She was vehement in her denial of Thing’s accusation.

“Dreams aren’t visions,” she said firmly. “Dreams don’t have to mean anything.”

Enid was an obscenely untidy roommate in the week leading up to the full moon. It was made especially frustrating by the fact that she was usually unbelievably anal, so depending on the time of the month, Wednesday got both ends of the annoying-roommate spectrum. It was either “Wednesday, fold your clothes when you take them out of the dryer — there shouldn’t be a laundry basket sitting out in the open” or there piles of dirty clothes strewn around the room in Enid’s hurry to take them off before she passed out face-down on her bed.

Today was the latter. Wednesday had come back from studying in the library to see Enid in a thin T-shirt and her dorky boyshorts, leg askew and half-lying on the floor, arms dead at her sides. Her hair was a rare birds’ nest. Her face was buried in her pillow.

Wednesday looked up at the ceiling in prayer, like some spirit or deity would come down to give her strength. None did.

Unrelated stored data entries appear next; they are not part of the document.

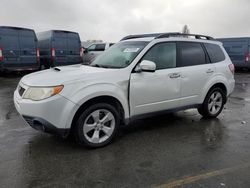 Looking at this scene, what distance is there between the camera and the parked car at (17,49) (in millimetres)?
11398

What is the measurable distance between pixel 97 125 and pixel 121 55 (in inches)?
57.7

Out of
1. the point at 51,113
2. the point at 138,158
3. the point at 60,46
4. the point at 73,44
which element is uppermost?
the point at 73,44

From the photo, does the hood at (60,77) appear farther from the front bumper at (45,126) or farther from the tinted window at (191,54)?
the tinted window at (191,54)

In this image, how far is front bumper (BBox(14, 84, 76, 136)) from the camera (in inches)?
133

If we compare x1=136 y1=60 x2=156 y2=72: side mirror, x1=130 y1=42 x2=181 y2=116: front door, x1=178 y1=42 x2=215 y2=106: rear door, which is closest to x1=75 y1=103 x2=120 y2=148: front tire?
x1=130 y1=42 x2=181 y2=116: front door

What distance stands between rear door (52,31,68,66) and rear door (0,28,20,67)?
191 cm

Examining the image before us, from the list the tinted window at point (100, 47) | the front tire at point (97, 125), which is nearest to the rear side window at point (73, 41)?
the tinted window at point (100, 47)

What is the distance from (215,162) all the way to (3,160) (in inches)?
117

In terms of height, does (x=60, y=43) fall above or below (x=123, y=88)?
above

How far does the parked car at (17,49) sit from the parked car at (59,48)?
88 cm

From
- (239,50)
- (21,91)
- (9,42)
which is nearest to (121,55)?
(21,91)

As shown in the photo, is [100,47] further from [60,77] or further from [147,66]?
[60,77]

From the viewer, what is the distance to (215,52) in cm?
546

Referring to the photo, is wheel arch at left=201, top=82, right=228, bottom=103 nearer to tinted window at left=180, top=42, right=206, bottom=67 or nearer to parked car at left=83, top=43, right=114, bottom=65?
tinted window at left=180, top=42, right=206, bottom=67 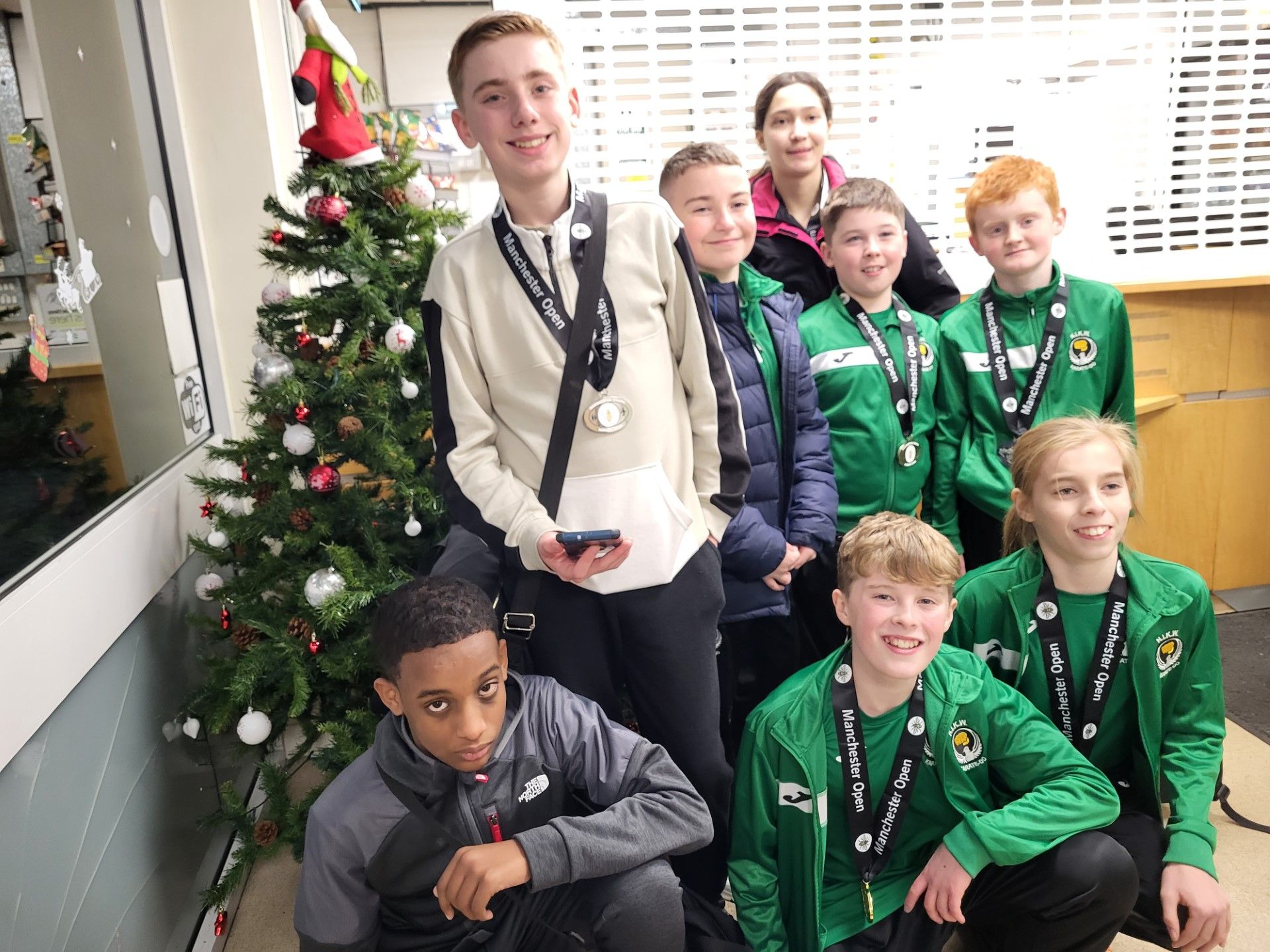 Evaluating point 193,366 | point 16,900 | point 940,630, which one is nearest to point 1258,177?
point 940,630

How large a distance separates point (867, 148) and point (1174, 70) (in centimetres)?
119

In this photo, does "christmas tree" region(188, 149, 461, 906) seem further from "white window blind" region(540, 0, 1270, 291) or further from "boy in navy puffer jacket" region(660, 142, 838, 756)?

She wasn’t in the habit of picking up after Enid, so she just hoped Enid would do it herself after her coma-like nap ended. That was until Wednesday began to walk over to her desk and realized that, in her hormone-addled exhaustion, Enid had somehow managed to toss her sock so far that it caught itself on Wednesday’s chair.

Wednesday immediately looked at Enid’s casually sleeping form and fumed. Enid only snored, mouth hanging open, entirely oblivious to the mental daggers being thrown her way. Wednesday had no idea how Enid could stand to sleep in the roiling midday sun.

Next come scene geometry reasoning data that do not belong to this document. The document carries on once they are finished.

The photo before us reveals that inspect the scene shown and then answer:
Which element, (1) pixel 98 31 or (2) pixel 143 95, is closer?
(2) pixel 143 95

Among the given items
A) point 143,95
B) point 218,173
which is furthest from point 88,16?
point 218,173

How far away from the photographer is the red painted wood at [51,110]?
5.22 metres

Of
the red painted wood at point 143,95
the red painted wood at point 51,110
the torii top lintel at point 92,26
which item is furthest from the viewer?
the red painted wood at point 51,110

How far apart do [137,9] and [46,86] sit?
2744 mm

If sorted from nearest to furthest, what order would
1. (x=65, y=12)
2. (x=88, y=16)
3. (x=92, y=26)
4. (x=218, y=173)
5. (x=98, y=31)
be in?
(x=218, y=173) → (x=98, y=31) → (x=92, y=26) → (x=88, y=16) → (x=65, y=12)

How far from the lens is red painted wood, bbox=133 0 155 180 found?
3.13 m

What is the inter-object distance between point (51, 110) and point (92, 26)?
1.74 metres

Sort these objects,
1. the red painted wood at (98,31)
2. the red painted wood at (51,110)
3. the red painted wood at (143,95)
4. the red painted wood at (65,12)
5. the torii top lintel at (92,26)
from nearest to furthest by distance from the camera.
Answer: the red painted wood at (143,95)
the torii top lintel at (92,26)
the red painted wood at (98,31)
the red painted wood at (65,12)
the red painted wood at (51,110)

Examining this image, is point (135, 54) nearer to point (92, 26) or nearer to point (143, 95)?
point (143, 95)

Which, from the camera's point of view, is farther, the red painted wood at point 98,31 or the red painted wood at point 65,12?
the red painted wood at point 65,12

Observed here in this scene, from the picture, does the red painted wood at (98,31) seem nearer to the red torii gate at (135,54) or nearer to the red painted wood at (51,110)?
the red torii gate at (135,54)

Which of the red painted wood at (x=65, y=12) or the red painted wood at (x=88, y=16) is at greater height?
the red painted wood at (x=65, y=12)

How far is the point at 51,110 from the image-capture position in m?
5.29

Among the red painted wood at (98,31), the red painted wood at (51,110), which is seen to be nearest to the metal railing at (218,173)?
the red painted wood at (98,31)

Wednesday steeled herself before reaching out to grab Enid’s sock and delicately place it on Enid’s side of the room. She wasn’t in the habit of grabbing people’s dirty laundry in general, especially when it came to undergarments, and especially when those undergarments had been marinating on a pre-transformation werewolf’s foot. Wednesday wrinkled her nose and pinched the ruffled end of it.

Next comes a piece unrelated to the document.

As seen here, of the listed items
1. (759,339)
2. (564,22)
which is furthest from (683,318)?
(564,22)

Then her head was thrown back like someone had grabbed her braids and yanked.

 

There was sensation all around her.

Hands on her face and in her loose hair, mattress along her spine, pillow boxing in her ears. A warm, comfortable weight settled across her hips. Wednesday nearly choked when she realized where she was — what she was doing, what that endless softness was against her mouth. Her eyes opened a crack, and she was immediately relieved to find that everyone’s clothes were still where they should be.

Maybe Wednesday should have been more surprised at the head of blond, pink, blue hair hanging above her like a sleekly-conditioned curtain. She didn’t want to think that she was expecting this, but then again, she always noticed patterns more quickly than most.

Enid was making this extremely distracting curling motion with her tongue, and her chin was moving softly, pushing Wednesday backwards and down, down, down. Wednesday never thought she would enjoy being forced into submission by someone else’s hand, but here she was, letting herself go. The tension in her muscles unfurled.

Wednesday’s hands climbed up and over Enid’s shoulder’s as if willed by a compulsion she couldn’t resist. She couldn’t even remember having the thought that touching Enid’s spine was something she might like until it was already under her fingertips, and she was making an embarrassing sound into Enid’s mouth that she was extremely grateful no one would ever actually hear.

Enid’s hips were heavy, and their legs were intertwined, and the beginning of spring humidity made the places where their skin touched sticky in a way that was surprisingly tolerable. Wednesday was making more sounds, each more humiliating than the last, and her fingernails were gripping into Enid’s biceps, and she was telling herself mentally to stop, stop, stop, but she wasn’t capable.

(She wondered how much control she really had. Where the Wednesday standing at her desk actually was; whether she had been reduced to a conscience, a screaming, anguished voice in this body’s head as it did what it really wanted.)

Something in Wednesday’s chest twisted painfully when she realized that the emerging vibrations against her lips were of Enid’s gentle, giggly laughter. Wednesday pulled back the amount that she could manage and she was looking up the line of Enid’s button nose, into her absurdly blue eyes.

“It’s really you,” Enid was saying. Wednesday didn’t want to hear it. “I never thought it would really be you.”

Wednesday frowned. Her lips felt almost numb. “What’s funny about that?”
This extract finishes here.